Beaver City Council voted April 15 to add language to the city’s personnel handbook committing staff to develop an optional employee wellness program and to run a six‑month trial of that program.
Staff presented survey results showing broad interest: "There were 23 employees surveyed, 19 respondents, 82% respondents, of full time employees who participated in the survey," staff said, summarizing the data used to shape the proposal. The presentation noted that many respondents indicated they would use exercise options if offered and suggested incentives and biometric screening as possible components.
Councilors and supervisors raised operational questions about timing, supervision and public perception. "There has to in my opinion, there has to be a clear separation of that time," a council member who supervises staff said, arguing supervisors need guardrails so work is not displaced by exercise time. Others pressed for measures to avoid abuse and to track participation: staff proposed sign‑ins and usage statistics for the trial.

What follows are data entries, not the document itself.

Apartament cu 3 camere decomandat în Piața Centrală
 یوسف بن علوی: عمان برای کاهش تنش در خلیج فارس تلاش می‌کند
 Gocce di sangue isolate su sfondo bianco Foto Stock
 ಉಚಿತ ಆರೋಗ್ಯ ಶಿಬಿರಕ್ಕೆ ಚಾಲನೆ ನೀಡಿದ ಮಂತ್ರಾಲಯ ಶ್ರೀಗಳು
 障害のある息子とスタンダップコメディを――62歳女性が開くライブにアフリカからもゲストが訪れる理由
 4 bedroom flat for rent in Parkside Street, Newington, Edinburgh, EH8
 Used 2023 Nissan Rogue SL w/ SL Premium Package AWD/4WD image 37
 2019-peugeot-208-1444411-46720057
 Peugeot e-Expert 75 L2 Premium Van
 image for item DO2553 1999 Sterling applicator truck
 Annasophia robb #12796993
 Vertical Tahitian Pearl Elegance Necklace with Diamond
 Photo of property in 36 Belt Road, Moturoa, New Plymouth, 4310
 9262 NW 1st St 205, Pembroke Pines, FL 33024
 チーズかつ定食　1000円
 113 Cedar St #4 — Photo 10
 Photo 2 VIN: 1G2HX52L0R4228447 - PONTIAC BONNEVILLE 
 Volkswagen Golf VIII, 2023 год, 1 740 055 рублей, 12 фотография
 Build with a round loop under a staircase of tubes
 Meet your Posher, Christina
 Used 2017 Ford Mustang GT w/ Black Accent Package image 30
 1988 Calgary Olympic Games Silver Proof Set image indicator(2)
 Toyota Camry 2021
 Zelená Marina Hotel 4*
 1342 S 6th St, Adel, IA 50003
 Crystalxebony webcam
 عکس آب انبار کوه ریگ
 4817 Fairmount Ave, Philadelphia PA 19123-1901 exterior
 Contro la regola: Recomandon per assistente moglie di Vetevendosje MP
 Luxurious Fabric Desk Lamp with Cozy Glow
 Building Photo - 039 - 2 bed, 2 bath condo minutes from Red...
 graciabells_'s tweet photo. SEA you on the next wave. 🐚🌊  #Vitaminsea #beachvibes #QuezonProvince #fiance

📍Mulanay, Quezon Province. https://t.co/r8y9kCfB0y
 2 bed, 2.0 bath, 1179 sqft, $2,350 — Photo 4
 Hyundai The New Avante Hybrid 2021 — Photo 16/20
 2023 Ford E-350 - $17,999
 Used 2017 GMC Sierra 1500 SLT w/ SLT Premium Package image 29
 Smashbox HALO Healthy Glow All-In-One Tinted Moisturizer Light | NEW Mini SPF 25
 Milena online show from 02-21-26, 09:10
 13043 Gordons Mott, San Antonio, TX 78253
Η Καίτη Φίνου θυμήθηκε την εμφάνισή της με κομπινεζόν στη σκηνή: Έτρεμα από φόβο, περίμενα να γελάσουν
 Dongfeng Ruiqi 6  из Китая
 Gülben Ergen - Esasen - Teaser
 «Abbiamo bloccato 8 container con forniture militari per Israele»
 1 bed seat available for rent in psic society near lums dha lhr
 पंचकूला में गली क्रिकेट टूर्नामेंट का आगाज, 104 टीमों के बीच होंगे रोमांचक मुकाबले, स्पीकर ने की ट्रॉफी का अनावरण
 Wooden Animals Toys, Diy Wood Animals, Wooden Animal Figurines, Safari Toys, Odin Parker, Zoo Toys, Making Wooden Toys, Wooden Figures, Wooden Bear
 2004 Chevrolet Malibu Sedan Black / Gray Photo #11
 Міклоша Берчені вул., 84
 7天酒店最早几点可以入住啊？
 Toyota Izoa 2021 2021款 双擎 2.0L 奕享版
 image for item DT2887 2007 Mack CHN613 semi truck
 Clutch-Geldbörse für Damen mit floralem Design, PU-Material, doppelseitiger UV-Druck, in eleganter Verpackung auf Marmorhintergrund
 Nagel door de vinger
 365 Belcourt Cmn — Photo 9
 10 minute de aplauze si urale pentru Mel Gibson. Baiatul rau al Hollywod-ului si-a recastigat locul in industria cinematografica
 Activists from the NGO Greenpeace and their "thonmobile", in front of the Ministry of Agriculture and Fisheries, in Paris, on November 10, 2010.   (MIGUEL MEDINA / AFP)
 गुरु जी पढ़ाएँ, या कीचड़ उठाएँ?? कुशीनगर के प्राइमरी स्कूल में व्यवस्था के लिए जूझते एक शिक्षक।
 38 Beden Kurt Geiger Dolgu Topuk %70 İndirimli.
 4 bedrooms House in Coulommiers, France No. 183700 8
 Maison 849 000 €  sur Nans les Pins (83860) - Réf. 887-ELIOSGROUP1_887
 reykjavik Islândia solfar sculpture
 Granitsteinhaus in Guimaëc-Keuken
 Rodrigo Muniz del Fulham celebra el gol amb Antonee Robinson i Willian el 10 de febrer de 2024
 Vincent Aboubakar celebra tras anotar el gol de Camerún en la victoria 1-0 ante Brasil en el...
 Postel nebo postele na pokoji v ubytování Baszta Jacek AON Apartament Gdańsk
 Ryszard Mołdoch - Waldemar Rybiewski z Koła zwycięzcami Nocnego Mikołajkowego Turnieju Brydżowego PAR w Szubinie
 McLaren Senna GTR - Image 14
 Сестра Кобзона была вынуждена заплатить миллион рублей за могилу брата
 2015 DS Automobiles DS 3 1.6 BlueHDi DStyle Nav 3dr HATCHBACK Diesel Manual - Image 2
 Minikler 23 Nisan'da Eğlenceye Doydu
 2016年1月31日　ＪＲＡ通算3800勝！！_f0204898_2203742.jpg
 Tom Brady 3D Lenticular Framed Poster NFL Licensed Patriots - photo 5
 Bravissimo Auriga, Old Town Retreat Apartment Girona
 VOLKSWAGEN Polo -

The motion — made by council member Tyler Skeena and seconded by council member Randy Hunter — passed on a voice vote. The motion directs staff to draft handbook wording that states Beaver City will support and develop an approved wellness program, and to return with implementation details. Councilors suggested retaining a third‑party wellness vendor, including biometric screening and annual checkups as possible elements, and considering non‑wage incentives such as HSA deposits or discounted memberships rather than guaranteeing paid exercise hours.
Next steps: staff will refine handbook wording and cost options, investigate vendor and insurance questions (including worker’s compensation implications for on‑the‑clock exercise), and return to council with a proposed implementation plan for the six‑month trial.
The council approved the handbook language and trial motion without a recorded roll‑call tally; details and program rules will be brought back to a future meeting for formal adoption.